▶ [THE PROBLEM]
The records below must be output exactly, with no images carried over.
★ ★ ★ ★ ★ ★ ★
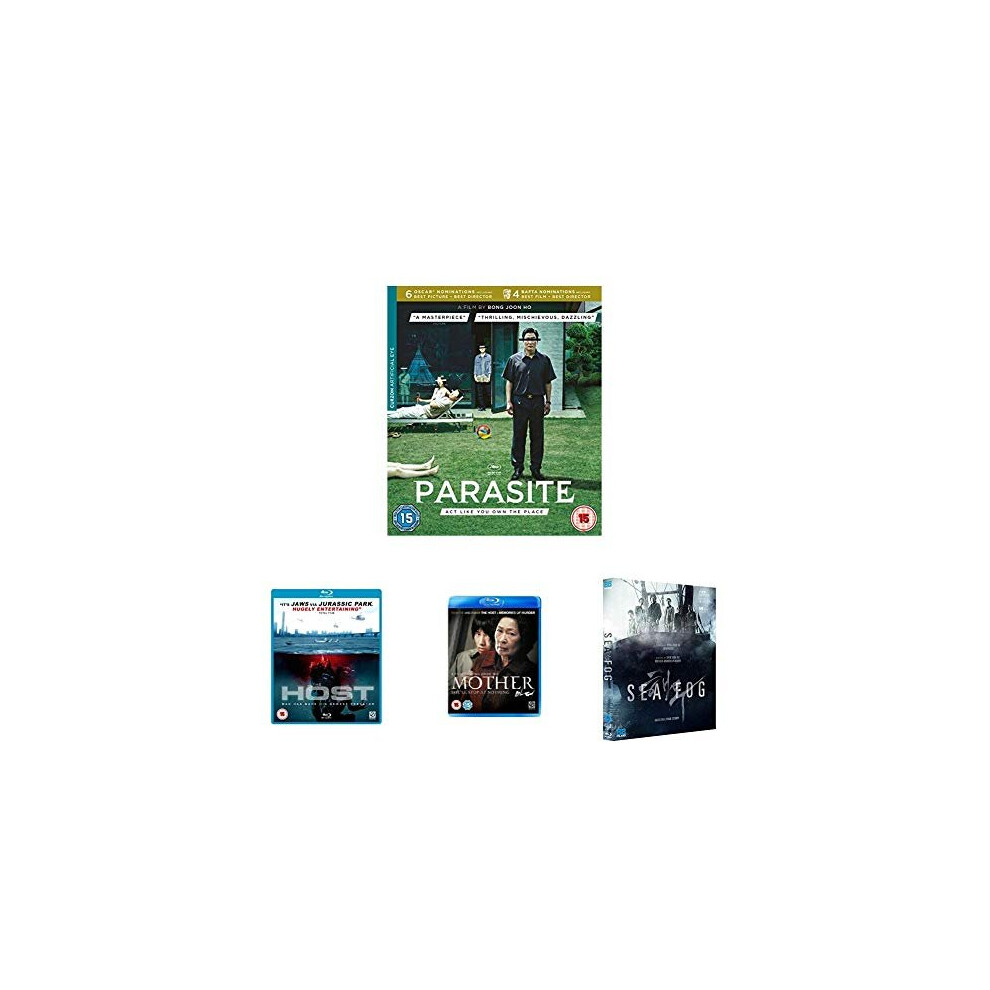 Parasite [2020] (Blu-ray)
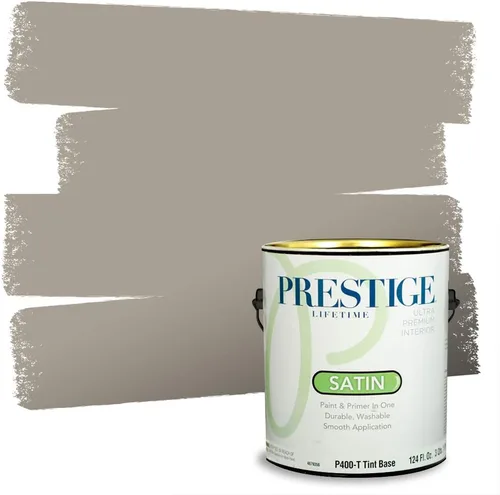 Vista 139 de Prestige Paints - 2 en 1, pintura base y pintura de exterior, P400-D-SW7053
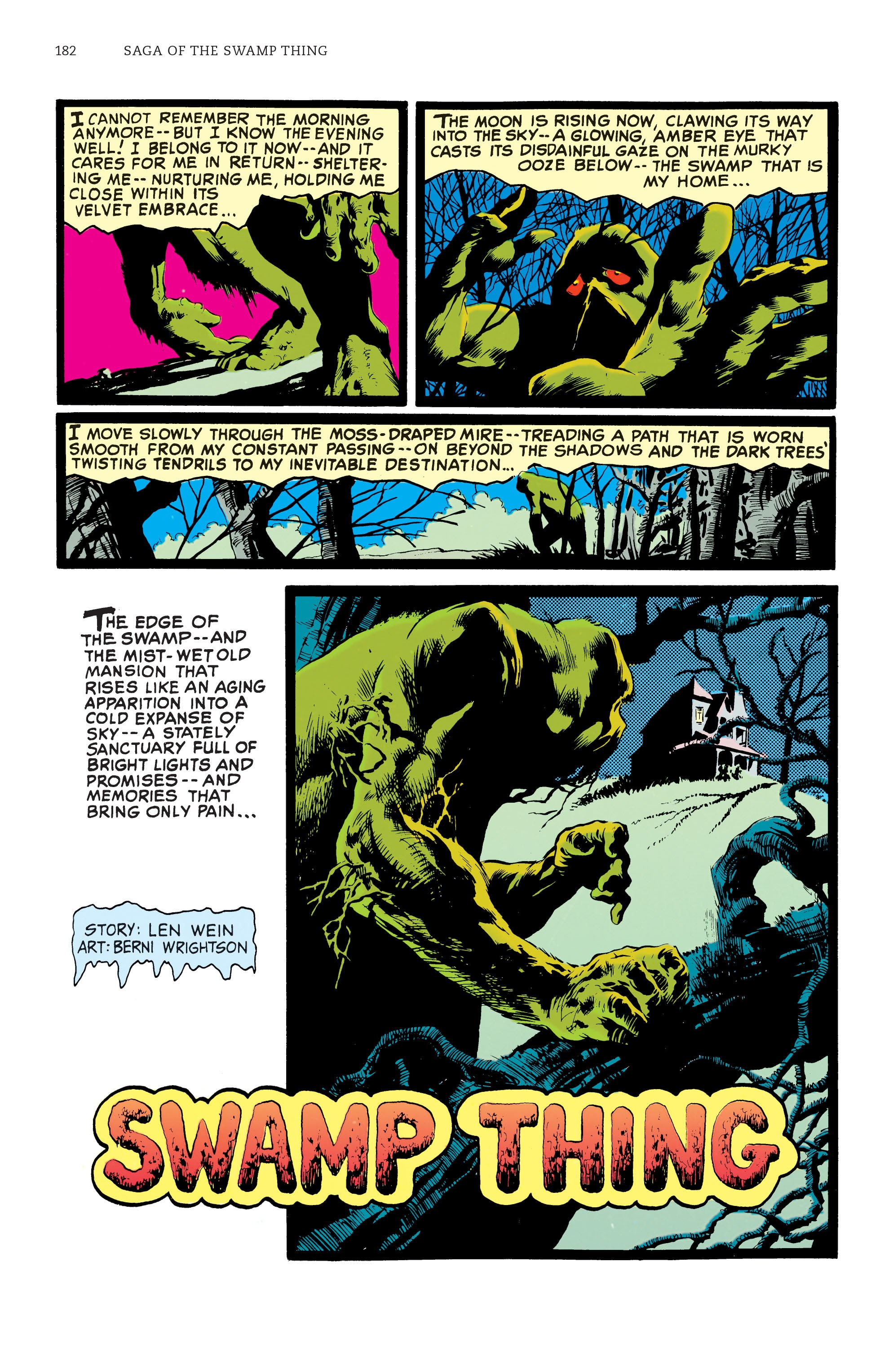Read online Saga of the Swamp Thing comic -  Issue # TPB 2 (Part 2) - 79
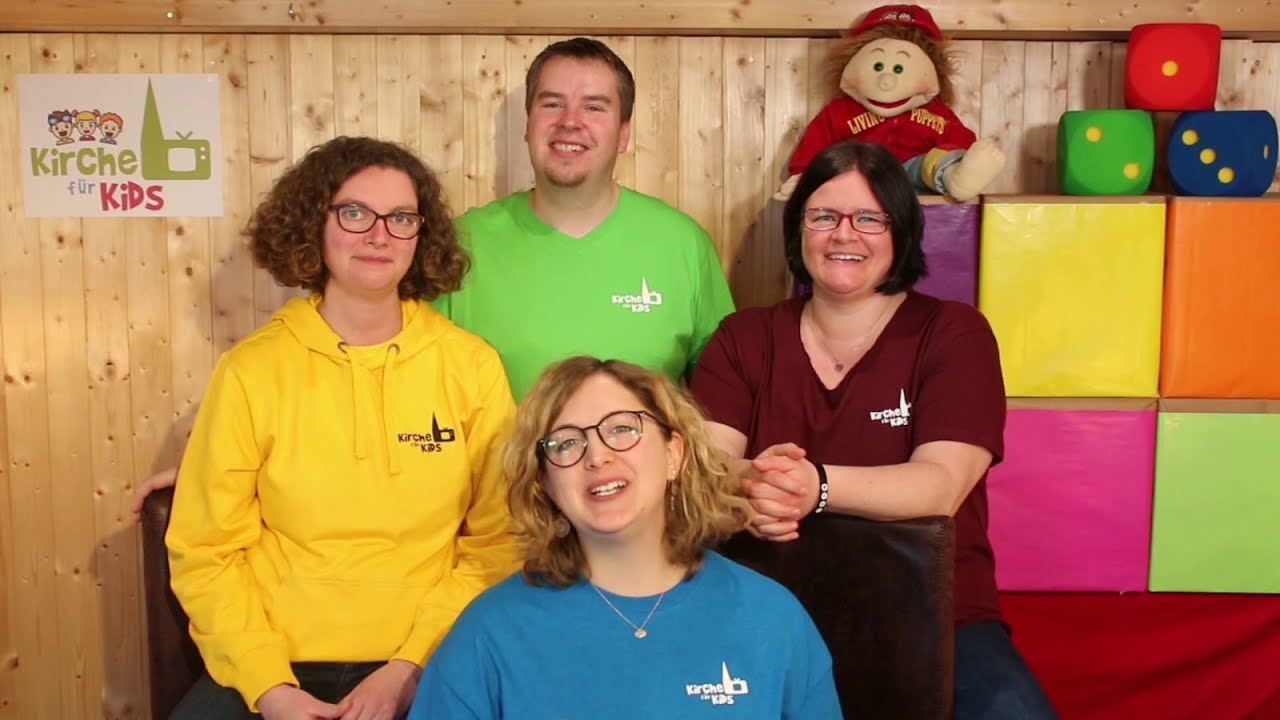 Willkommen bei Kirche für Kids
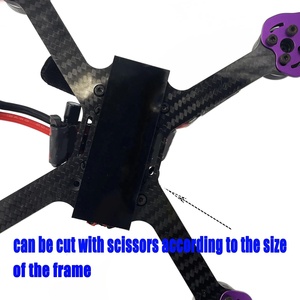 Non Slip <b>Silicone</b> Battery <b>Pad</b> for Drone FPV Anti Vibration Battery Compartment Liner Heat Resistant Insulating - Product Image 6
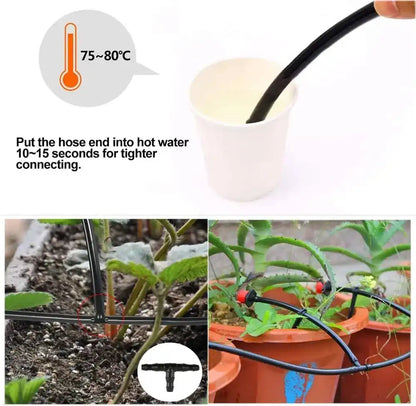 Système d'Irrigation Automatique Complet (30 mètres)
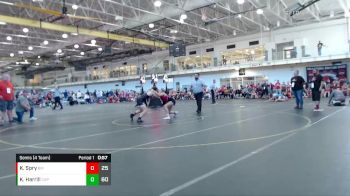 117 lbs Semis (4 Team) - Kandice Spry, Black Mambas vs Kaylyn Harrill, Charlies Angels Pink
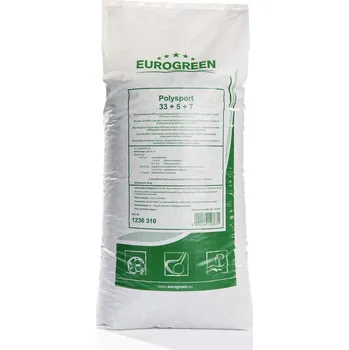 Hnojivo EUROGREEN Trávníkové hnojivo Polysport 25kg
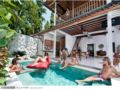 Minggu Villas 6,Seminyak,3BR ホテル詳細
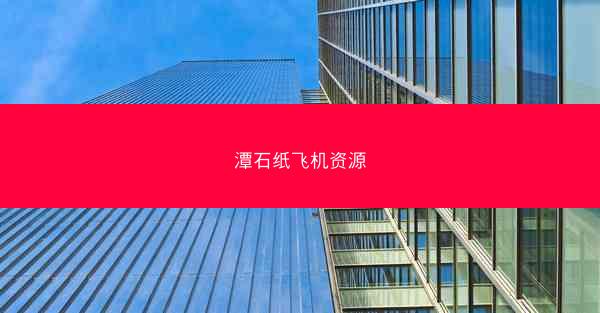 潭石纸飞机资源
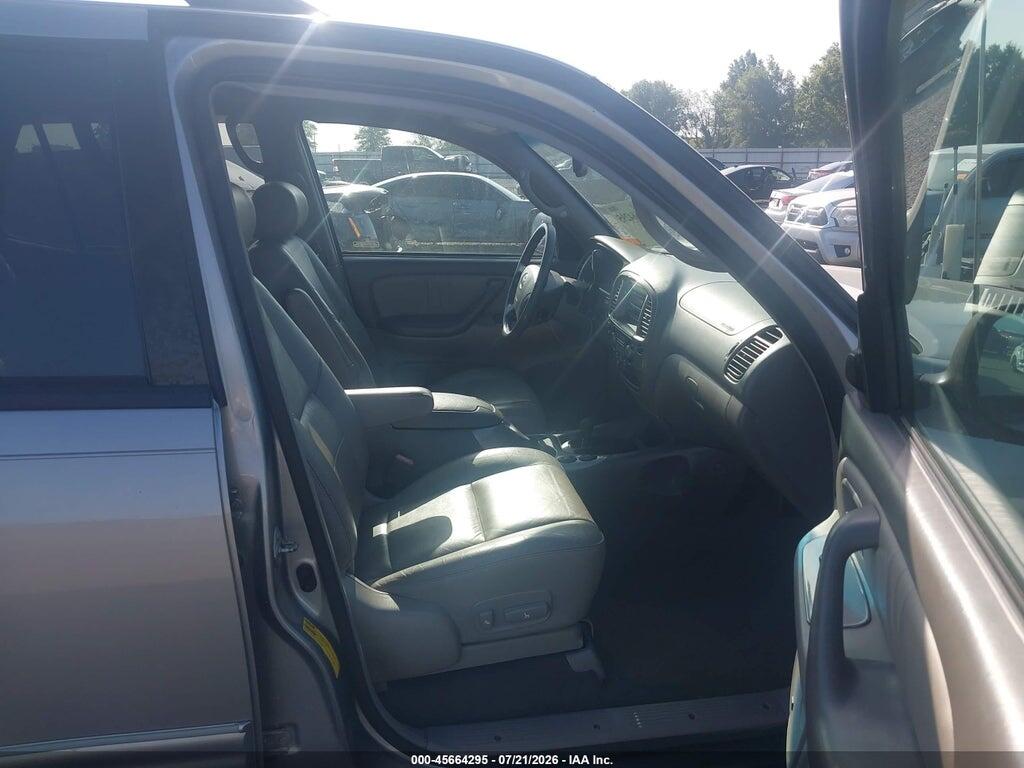 5TDBT48A13S190171 2003 TOYOTA SEQUOIA photo no. 5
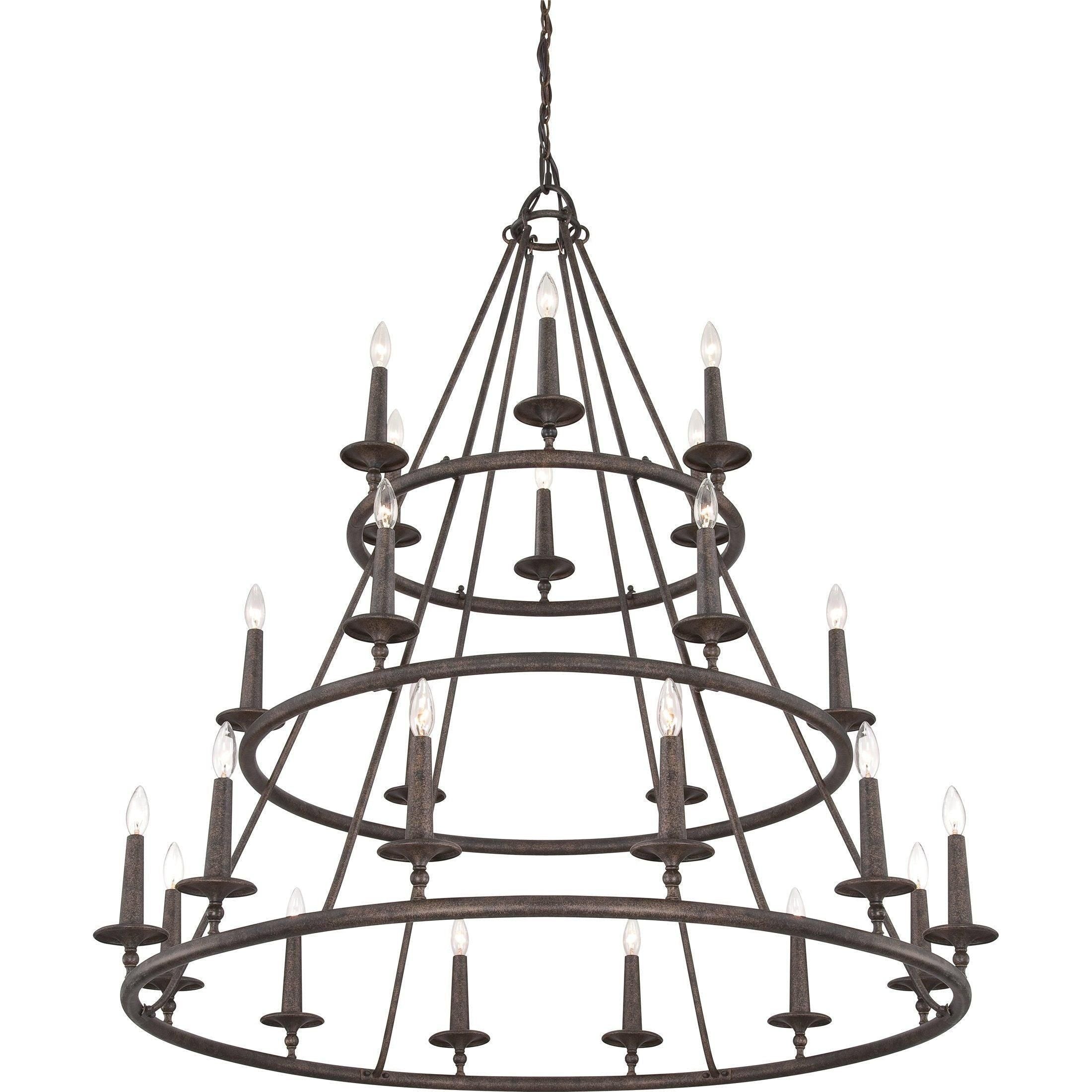 Quoizel - Voyager Chandelier - Lights Canada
★ ★ ★ ★ ★ ★ ★
▶ [OUTPUT FOR THIS EXERCISE]
 Parasite [2020] (Blu-ray)
 Vista 139 de Prestige Paints - 2 en 1, pintura base y pintura de exterior, P400-D-SW7053
Read online Saga of the Swamp Thing comic -  Issue # TPB 2 (Part 2) - 79
 Willkommen bei Kirche für Kids
 Non Slip <b>Silicone</b> Battery <b>Pad</b> for Drone FPV Anti Vibration Battery Compartment Liner Heat Resistant Insulating - Product Image 6
 Système d'Irrigation Automatique Complet (30 mètres)
 117 lbs Semis (4 Team) - Kandice Spry, Black Mambas vs Kaylyn Harrill, Charlies Angels Pink
 Hnojivo EUROGREEN Trávníkové hnojivo Polysport 25kg
 Minggu Villas 6,Seminyak,3BR ホテル詳細
 潭石纸飞机资源
 5TDBT48A13S190171 2003 TOYOTA SEQUOIA photo no. 5
 Quoizel - Voyager Chandelier - Lights Canada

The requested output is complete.